40 minutes with Freyr
For the last few weeks I’ve been joining a telephone conference study group run by Dan Strodl. They all call in for an hour every sunday morning, take turns to read a passage of the Course, and then take turns to share their thoughts on it, or on whatever issues came up for them in the week. After each sharing, Dan says something like “thank you for sharing, who here would like to share?”. Often there’s immediately someone ready to share, who seems to have been waiting. Sometimes there’s a period of silence until someone takes the floor.
It is lovely. Sometimes what comes up evokes my cosmic laughter which some express appreciation for, and I often feel lifted and inspired for a long time afterwards.

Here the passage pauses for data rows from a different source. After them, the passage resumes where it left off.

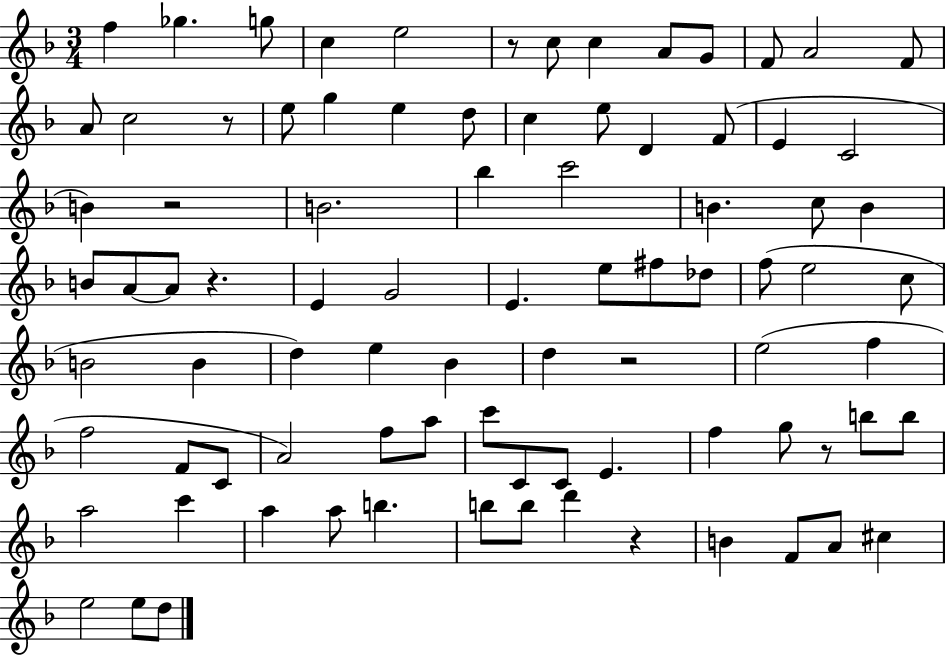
F5/q Gb5/q. G5/e C5/q E5/h R/e C5/e C5/q A4/e G4/e F4/e A4/h F4/e A4/e C5/h R/e E5/e G5/q E5/q D5/e C5/q E5/e D4/q F4/e E4/q C4/h B4/q R/h B4/h. Bb5/q C6/h B4/q. C5/e B4/q B4/e A4/e A4/e R/q. E4/q G4/h E4/q. E5/e F#5/e Db5/e F5/e E5/h C5/e B4/h B4/q D5/q E5/q Bb4/q D5/q R/h E5/h F5/q F5/h F4/e C4/e A4/h F5/e A5/e C6/e C4/e C4/e E4/q. F5/q G5/e R/e B5/e B5/e A5/h C6/q A5/q A5/e B5/q. B5/e B5/e D6/q R/q B4/q F4/e A4/e C#5/q E5/h E5/e D5/e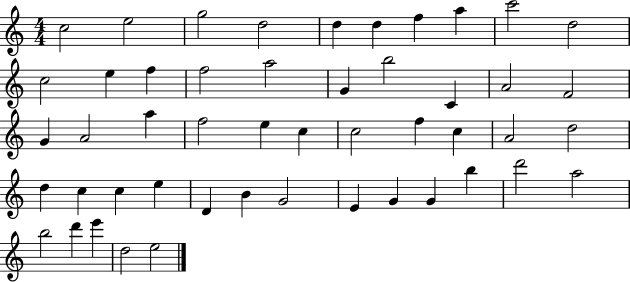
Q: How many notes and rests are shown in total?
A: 49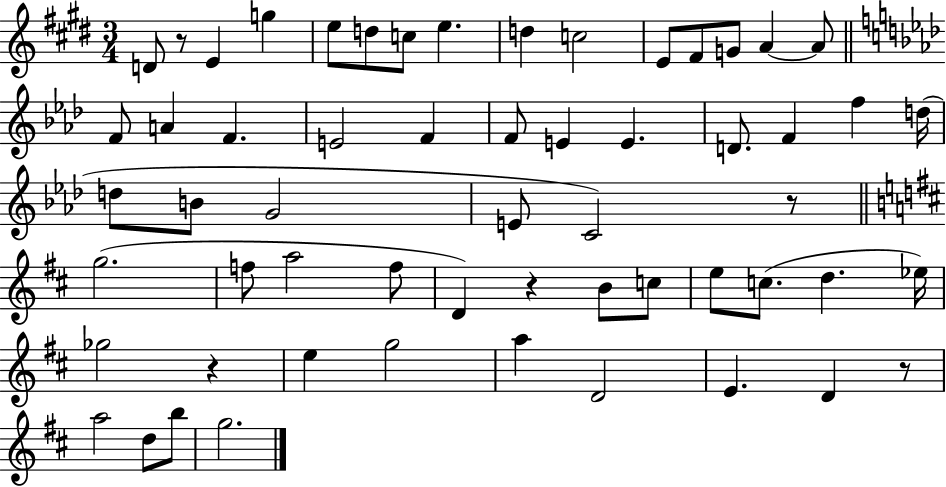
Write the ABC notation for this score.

X:1
T:Untitled
M:3/4
L:1/4
K:E
D/2 z/2 E g e/2 d/2 c/2 e d c2 E/2 ^F/2 G/2 A A/2 F/2 A F E2 F F/2 E E D/2 F f d/4 d/2 B/2 G2 E/2 C2 z/2 g2 f/2 a2 f/2 D z B/2 c/2 e/2 c/2 d _e/4 _g2 z e g2 a D2 E D z/2 a2 d/2 b/2 g2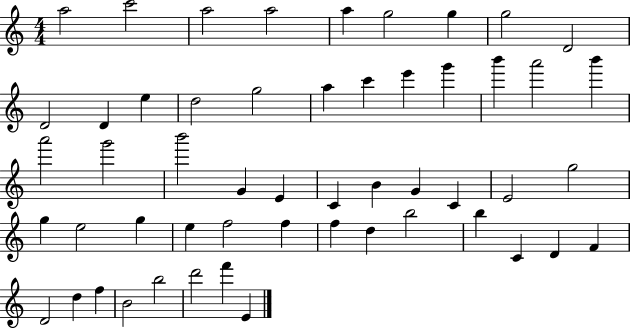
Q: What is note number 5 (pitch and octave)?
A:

After the last one in which we discussed I Need Do Nothing1, I found myself phoning Dan and saying:
That little group is great; I want more. And slower (you Londoners all seem to go so fast). I want more space for sharing, more space for silence, more space to laugh. I could have carried on laughing hysterically for another 5 minutes but I’m aware of time constraints and don’t want to take up space. I want more time. I’m asking you because I don’t want to be responsible for anything.
He said I can give myself space by pressing mute. And other things that amount to “no, I’m not going to change anything or create anything new to meet the need you express”. I think he also didn’t understand what I meant by “space”, just as his predecessor (within the Miracle Network) Ian Patrick did not understand what I meant by “teach”. They must be bred from the same stock.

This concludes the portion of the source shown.